==== Provided data

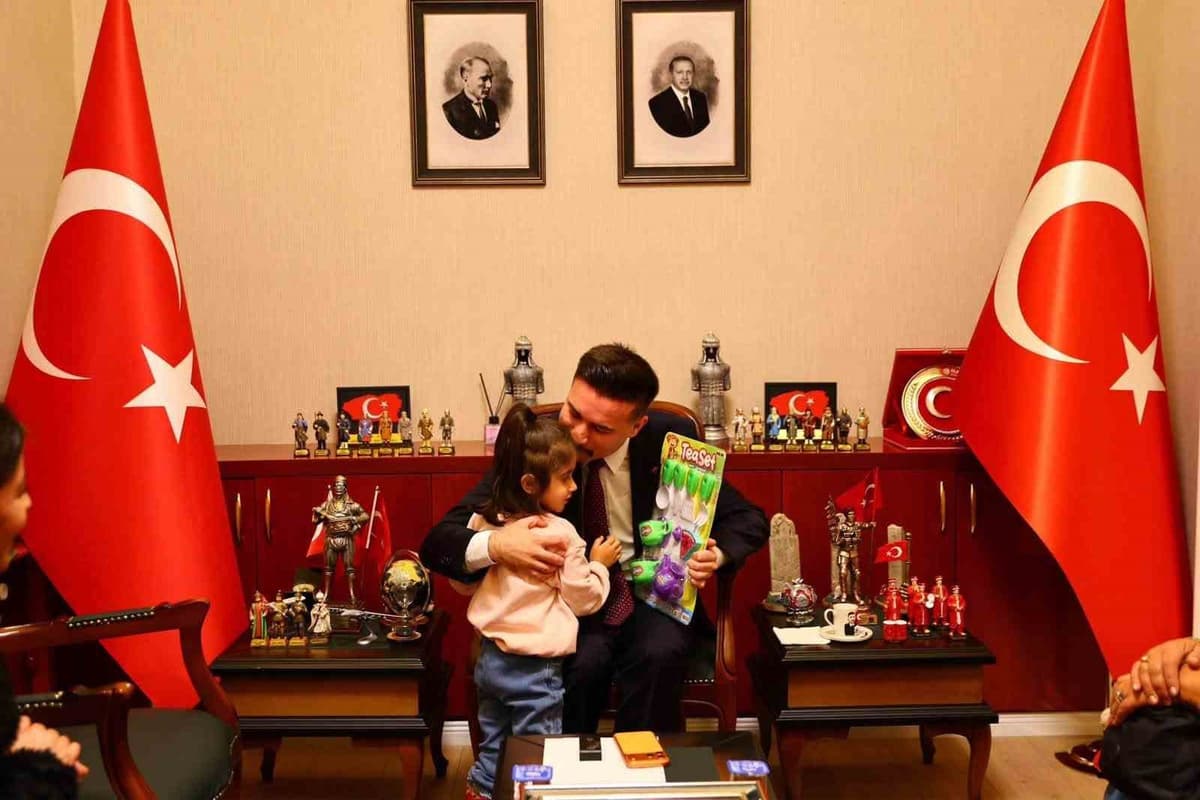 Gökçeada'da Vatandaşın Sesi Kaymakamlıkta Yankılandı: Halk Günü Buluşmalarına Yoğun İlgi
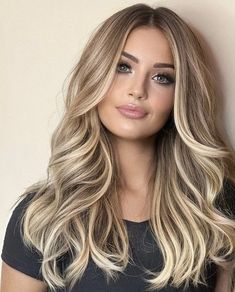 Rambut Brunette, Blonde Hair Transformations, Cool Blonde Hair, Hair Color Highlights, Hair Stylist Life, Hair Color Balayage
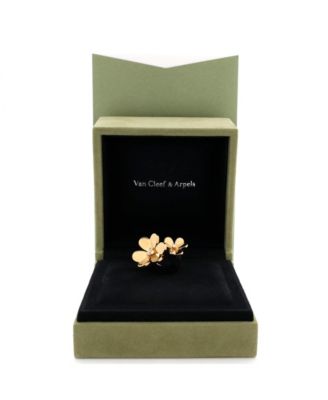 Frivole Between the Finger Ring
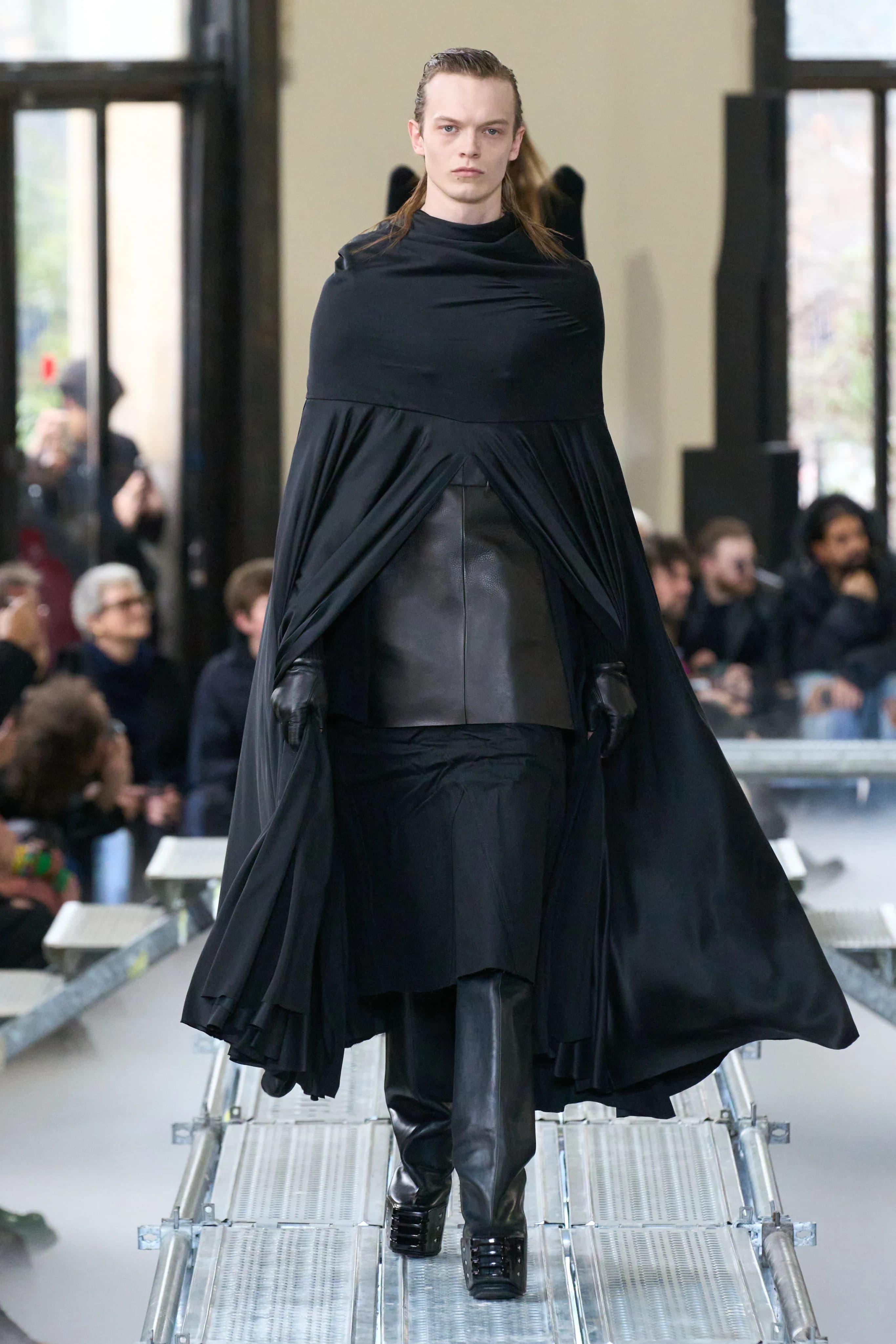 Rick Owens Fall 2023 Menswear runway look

========
==== Provided data

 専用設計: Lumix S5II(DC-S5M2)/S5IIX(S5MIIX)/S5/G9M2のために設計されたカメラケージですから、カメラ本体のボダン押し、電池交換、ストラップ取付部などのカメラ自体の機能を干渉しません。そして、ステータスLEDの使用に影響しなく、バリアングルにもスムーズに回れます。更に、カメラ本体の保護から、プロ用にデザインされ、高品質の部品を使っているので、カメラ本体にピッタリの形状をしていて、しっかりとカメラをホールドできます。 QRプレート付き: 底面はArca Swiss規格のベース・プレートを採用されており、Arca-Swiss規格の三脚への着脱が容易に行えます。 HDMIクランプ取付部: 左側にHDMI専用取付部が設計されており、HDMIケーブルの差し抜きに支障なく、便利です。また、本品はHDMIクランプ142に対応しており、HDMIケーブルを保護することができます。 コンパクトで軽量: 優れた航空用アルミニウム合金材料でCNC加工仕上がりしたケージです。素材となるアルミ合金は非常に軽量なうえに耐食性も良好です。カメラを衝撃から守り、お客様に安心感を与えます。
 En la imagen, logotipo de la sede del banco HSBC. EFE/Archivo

========

Look above for the line containing "Rambut Brunette, Blonde", then copy exactly from it through the line containing "Rick Owens Fall 2023 Menswear runway look", keeping both and leaving out pictures. Add nothing else.

 Rambut Brunette, Blonde Hair Transformations, Cool Blonde Hair, Hair Color Highlights, Hair Stylist Life, Hair Color Balayage
 Frivole Between the Finger Ring
 Rick Owens Fall 2023 Menswear runway look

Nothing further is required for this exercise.